About a month ago I joined The Tree of Liberty forum. A libertarian site. I am Conservative.
http://www.thetreeofliberty.com/vb/index.php
My name there is Slide Rule.
I have posted (43 posts) to a thread on the TOL site about “NB Nuclear Plants: Emergencies at Ft. Calhoun and Cooper” my own views and experience, and a couple of your articles.
http://www.thetreeofliberty.com/vb/showthread.php?t=140786
There is a good deal of fear and generation of fear. Perhaps if there is a unusual or interesting perspective on that site, you would comment on AtomicInsights.com.

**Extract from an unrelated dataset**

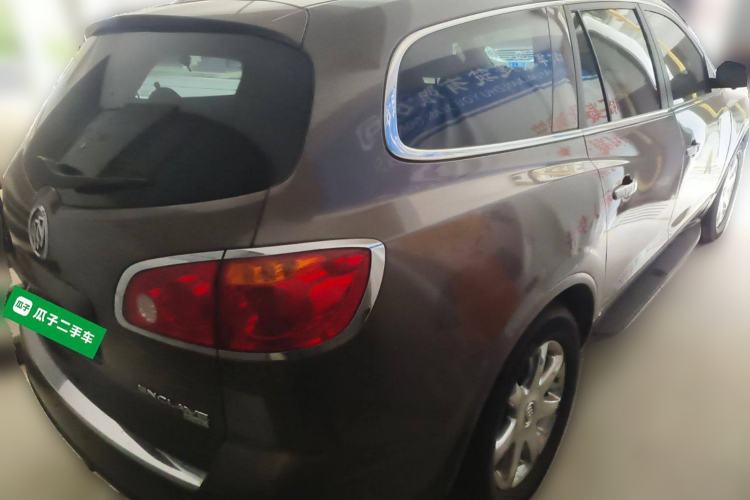 Used Buick Enclave 2009 3.6L CXL2 Flagship Edition Rear Right 45 Deg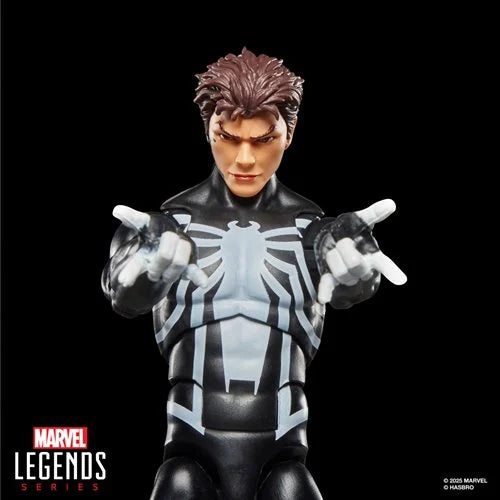 Spider-Man Marvel Legends Retro Cardback Spider-Venom 6-Inch Action Figure (Pre-Order)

I recognize and appreciate driven men. You Sir, are doing outstanding work.
Respectfully,
Al Moore
So it looks like Unit 3 blew up collapsing the fuel pool wall into the pool. This was not caused by the fuel pool blowing up, I believe it was from the reactor pressure vessel blowing up due to a massive hydrogen explosion inside the Unit 3 containment. The fuel found at the site was fuel from the Unit 3 reactor.
What are you talking about? The pressure vessel did not blow up and the hydrogen explosion occurred in the secondary containment – which was never designed to hold any pressure, not inside the containment. What fuel was found at the site? As far as I know, the only isotopes found outside the reactor buildings in concentrations higher than can be explained by the leftovers from atmospheric testing and nuclear weapons attacks in 1945 were noble gases and water soluble fission products.
Do you have any additional information from a reliable source?